If it was my choice I'd like the stripped down panel on the left, with just type of m/home, geographical location.
I also like the idea of retaining the 'thanks' button, but not having it on display, exactly for the reasons DAB states.

But, hey, no big deal, if it stays it stays.

The main thing here for me that separates MHF from other sites is that Nuke constantly takes time out to enhance features on here, and just as important, he always listens to feed back.

pete


----------



## cobaltkoala (Sep 11, 2006)

*Streamlining the site!*

Surely the thank you button has one great use ...

To prevent the endless numbers of one liner posts simply saying thanks. This will streamline the threads and make sourcing information and keeping up to date much easier.

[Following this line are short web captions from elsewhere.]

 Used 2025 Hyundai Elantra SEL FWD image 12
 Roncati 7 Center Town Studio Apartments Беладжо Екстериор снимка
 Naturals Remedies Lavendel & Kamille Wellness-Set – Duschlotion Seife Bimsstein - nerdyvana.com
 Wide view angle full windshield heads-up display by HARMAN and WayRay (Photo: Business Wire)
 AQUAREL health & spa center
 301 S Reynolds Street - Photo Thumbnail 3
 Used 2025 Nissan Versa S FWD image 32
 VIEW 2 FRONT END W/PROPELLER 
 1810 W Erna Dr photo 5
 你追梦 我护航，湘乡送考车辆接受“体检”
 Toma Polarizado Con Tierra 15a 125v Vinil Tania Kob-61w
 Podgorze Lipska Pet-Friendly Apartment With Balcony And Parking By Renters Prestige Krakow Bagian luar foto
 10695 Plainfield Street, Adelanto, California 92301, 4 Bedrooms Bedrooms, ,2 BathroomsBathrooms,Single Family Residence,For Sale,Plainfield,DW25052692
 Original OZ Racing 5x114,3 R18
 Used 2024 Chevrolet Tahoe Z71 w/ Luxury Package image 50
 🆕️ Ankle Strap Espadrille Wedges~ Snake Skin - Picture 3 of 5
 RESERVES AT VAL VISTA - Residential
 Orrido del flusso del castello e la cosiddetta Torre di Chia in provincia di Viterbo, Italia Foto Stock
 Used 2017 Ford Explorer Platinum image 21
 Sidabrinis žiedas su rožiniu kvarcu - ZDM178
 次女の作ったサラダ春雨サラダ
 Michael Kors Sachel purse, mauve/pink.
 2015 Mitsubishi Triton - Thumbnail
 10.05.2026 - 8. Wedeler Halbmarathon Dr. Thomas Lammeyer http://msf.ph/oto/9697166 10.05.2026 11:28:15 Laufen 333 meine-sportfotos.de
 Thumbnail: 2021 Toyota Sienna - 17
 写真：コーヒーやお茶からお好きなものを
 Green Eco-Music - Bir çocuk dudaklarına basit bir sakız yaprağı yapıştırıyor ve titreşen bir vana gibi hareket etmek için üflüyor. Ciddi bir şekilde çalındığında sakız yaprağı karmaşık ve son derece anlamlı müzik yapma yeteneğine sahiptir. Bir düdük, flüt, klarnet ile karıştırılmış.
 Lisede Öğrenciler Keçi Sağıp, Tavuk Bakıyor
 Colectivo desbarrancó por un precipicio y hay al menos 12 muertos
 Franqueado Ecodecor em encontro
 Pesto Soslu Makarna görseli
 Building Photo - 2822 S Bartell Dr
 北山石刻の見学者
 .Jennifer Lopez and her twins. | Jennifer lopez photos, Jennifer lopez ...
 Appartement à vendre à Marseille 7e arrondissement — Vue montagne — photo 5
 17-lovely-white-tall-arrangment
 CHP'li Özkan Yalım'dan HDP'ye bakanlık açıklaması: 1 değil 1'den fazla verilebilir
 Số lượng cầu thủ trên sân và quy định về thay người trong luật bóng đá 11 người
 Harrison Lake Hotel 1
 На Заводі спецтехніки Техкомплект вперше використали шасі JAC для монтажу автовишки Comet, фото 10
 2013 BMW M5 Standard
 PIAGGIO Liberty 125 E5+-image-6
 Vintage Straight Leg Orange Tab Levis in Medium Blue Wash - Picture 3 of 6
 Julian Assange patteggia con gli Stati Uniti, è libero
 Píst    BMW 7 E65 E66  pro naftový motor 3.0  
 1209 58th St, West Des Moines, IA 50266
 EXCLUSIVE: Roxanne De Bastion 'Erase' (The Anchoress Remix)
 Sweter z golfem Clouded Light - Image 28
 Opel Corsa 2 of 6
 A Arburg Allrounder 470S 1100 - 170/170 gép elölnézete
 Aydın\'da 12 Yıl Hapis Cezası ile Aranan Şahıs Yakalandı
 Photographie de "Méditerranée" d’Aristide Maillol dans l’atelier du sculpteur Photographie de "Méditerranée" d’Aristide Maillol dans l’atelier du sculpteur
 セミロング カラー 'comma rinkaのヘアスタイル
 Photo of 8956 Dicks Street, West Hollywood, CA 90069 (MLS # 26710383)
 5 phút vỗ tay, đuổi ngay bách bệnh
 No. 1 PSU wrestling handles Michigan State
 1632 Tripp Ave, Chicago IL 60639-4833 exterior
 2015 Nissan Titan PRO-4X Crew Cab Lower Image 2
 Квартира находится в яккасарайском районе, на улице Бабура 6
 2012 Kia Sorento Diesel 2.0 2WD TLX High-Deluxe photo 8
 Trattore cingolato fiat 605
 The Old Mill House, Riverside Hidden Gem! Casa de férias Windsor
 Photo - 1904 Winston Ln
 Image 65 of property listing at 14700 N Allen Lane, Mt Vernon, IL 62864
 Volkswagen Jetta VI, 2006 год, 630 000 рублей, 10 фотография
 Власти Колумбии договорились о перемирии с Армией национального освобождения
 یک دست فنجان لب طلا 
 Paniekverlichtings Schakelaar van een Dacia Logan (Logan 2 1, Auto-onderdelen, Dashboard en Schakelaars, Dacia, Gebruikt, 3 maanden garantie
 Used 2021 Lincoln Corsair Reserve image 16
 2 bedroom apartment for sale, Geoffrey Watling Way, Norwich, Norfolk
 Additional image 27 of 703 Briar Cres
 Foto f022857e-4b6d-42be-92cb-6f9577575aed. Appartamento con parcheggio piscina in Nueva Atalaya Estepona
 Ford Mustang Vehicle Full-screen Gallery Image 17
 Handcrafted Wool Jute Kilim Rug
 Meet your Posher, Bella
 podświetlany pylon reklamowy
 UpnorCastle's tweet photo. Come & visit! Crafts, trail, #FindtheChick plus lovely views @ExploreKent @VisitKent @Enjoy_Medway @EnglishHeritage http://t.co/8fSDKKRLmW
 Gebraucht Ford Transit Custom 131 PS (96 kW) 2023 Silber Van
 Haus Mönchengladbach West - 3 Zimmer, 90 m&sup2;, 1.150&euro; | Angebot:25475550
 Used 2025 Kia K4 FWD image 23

We personally don't care if we are or are not thanked as we understand the interent all to well. One doer to every Squillion takers!
Nuke your a do'er so keep up the good work.


----------



## JockandRita (Jun 1, 2005)

Hi all,

I prefer to thank folks for their efforts in the form of a reply. Although I have used the "thanks" button, I also found myself writing, as it is a more polite way of responding.

If we are to retain the "thanks" button, please, please, please, can we get shot of the points system, as it is nothing more than a score board.

Both Rita and I are eternally grateful to contributors, and would wish to communicate our gratitude in words, and actions, (ie, a handshake when we meet up with folks).

Somebody from MHF gave me a bottle of good ale once, as a token of their appreciation, for a contribution that I had made to their MH related problem. Thouroughly enjoyable too, I should add.    

That reminds me, Rita and I owe DAB and Alison a drink when we next meet up. :wink: :wink: :wink: 

Jock.


----------



## geraldandannie (Jun 4, 2006)

JockandRita said:


> If we are to retain the "thanks" button, please, please, please, can we get shot of the points system, as it is nothing more than a score board.


Quite right, Jock. Maybe a simple "See thanks votes" link or something under our profile, which is only visible by us?

BTW, Jock, I think I owe you a beer too. Can't remember what it's for now as my memory is like a collander, but the 'debt' is logged in there anyway.

Gerald


----------



## JockandRita (Jun 1, 2005)

*Quite right, Jock. Maybe a simple "See thanks votes" link or something under our profile, which is only visible by us? *

Thanks Gerald,

I look forward to some supping. :lol: :lol: :lol:

Seriously though, I do agree with your quote above.

Jock.


----------



## Spacerunner (Mar 18, 2006)

I think the THANK YOU button is a good idea. It gives posters a clue on what we find useful and what is not. Thereby the really useful knowledge base will grow and all the chaff and clutter will diminish.
I posted an article and got some 'thank you's', which encouraged me to post a follow up. If I hadn't got a clue if members were interested or not then I would not have bothered. If these discussions were in real life face to face then any red herrings chaff and hot air would quickly be stifled with groans, boos and face pulling, etc, but this is the wrong media for body language, so I think a quick click as a thumbs up is a really useful tool.


----------



## tincan (Jul 31, 2006)

I like the idea of the thanks button but not the score keeping. IMHO it is a simple way of saying thanks without having to go to the trouble of typing 2 fingered as I have to. I just think the counter adds very little positive feedback and may be used by some to compete for the highest number, but Nuke it is your decision. In the meanwhile I will continue to post my thanks to those I feel earn it.

best regards

Noel


----------